Running MSA locally #189

Closed drewaight closed 2 years ago

drewaight commented 2 years ago

This issue is similar to #142 which was closed but no solution was provided. Rather than use the webserver (https://a3m.mmseqs.com/) I would prefer to run the MMseq2 locally with the --host-url switch. MMseqs2 works fine on my HPC (installed either through conda or compiled), and I can install and set up the databases described here (https://colabfold.mmseqs.com/), but this is not a webserver per se with a url. Is there a way to simply run the MSA using MMseq2 CLI locally?

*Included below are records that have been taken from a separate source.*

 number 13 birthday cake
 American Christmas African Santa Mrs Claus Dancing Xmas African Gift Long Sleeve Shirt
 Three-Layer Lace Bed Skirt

Perhaps there is something I am not understanding. Thanks so much for your help!

Drew

konstin commented 2 years ago

please follow the readme [here] (https://github.com/sokrypton/ColabFold#generating-msas-for-large-scale-structurecomplex-predictions) and copy the output folder from the server you used for search to one with a GPU you want to use for predictions. no need to set --host-url, if you run colabfold with a3m files as input it will use them and no server.

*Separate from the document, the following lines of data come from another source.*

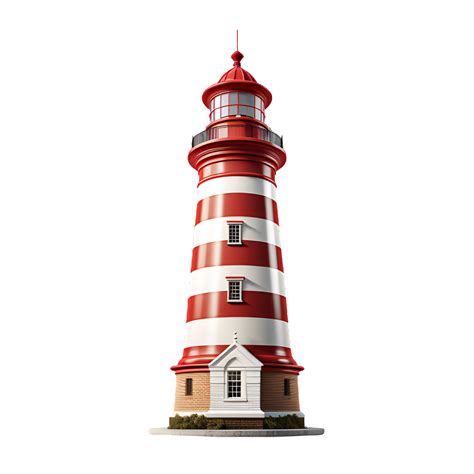 lighthouse isolated on transparent background ,red and white striped ...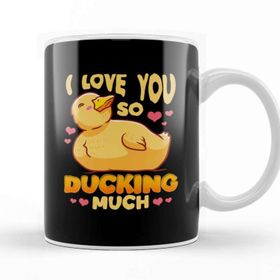 Baskı Dükkanı Cute & Funny I Love You So Ducking Much Duck Pun Kupa Bardak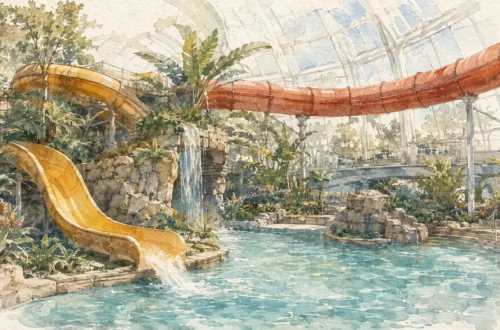 Tematická akvarelová ilustrace k průvodci: Aquapalace Praha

drewaight commented 2 years ago

I get it now. Thanks!

drewaight commented 2 years ago

Is it possible to create complexes by running mmseqs locally, either with the colabfold_search.sh shell script or with the search.py script? When I run colabfold_search.sh with the input fasta (chainA:chainB) just like the colabfold notebook, the output is not a properly paired complex, where as the notebook output is a perfect heterodimer. Thanks and sorry for my ignorance.

Drew

StephaneKazmierczak commented 2 years ago

I believe I am having the same issue. it seems colabfold_search that produce the m3a files for colabfold doesn't support complexes, I just found out in the command help description image

martin-steinegger commented 2 years ago

Complexes should be supported. I removed the message. I just ran a some example locally. Could you please post the full error message?

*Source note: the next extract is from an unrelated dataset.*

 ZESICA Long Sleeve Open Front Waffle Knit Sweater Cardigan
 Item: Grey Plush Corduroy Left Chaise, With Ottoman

drewaight commented 2 years ago

Ok I started over completely to make sure everything is newest.... heres what I did.

module load cuda/11.2.2 module load gcc/7.5.0 module load cmake/3.18.3 conda create -n colabfold python=3.7 conda activate colabfold pip install "colabfold[alphafold] @ git+https://github.com/sokrypton/ColabFold" pip install --upgrade "jax[cuda]<0.3.0" -f https://storage.googleapis.com/jax-releases/jax_releases.html cd colabfold git clone https://github.com/soedinglab/MMseqs2.git cd MMseqs2 mkdir build cd build cmake -DCMAKE_BUILD_TYPE=RELEASE -DCMAKE_INSTALL_PREFIX=. .. make make install export PATH=$(pwd)/bin/:$PATH cd database ./setup_database.sh colabfold_search trast_colabinp.fasta database msas

Where the search input is

>trastuzumab DIQMTQSPSSLSASVGDRVTITCRASQDVNTAVAWYQQKPGKAPKLLIYSASFLYSGVPSRFSGSRSGTDFTLTISSLQPEDFATYYCQQHYTTPPTFGQGTKVEIK:EVQLVESGGGLVQPGGSLRLSCAASGFNIKDTYIHWVRQAPGKGLEWVARIYPTNGYTRYADSVKGRFTISADTSKNTAYLQMNSLRAEDTAVYYCSRWGGDGFYAMDYWGQGTLVTVSS

Here is the error:

Traceback (most recent call last): File "/SFS/user/ry/waight/anaconda3/envs/colabfold/bin/colabfold_search", line 8, in sys.exit(main()) File "/SFS/user/ry/waight/anaconda3/envs/colabfold/lib/python3.7/site-packages/colabfold/mmseqs/search.py", line 472, in main with args.base.joinpath(f"{id}.paired.a3m").open("r") as f: File "/SFS/user/ry/waight/anaconda3/envs/colabfold/lib/python3.7/pathlib.py", line 1208, in open opener=self._opener) File "/SFS/user/ry/waight/anaconda3/envs/colabfold/lib/python3.7/pathlib.py", line 1063, in _opener return self._accessor.open(self, flags, mode) FileNotFoundError: [Errno 2] No such file or directory: 'msas/1.paired.a3m'

Thanks for any help or insight you can provide!

Drew

martin-steinegger commented 2 years ago

Could you try running the search with --threads 1?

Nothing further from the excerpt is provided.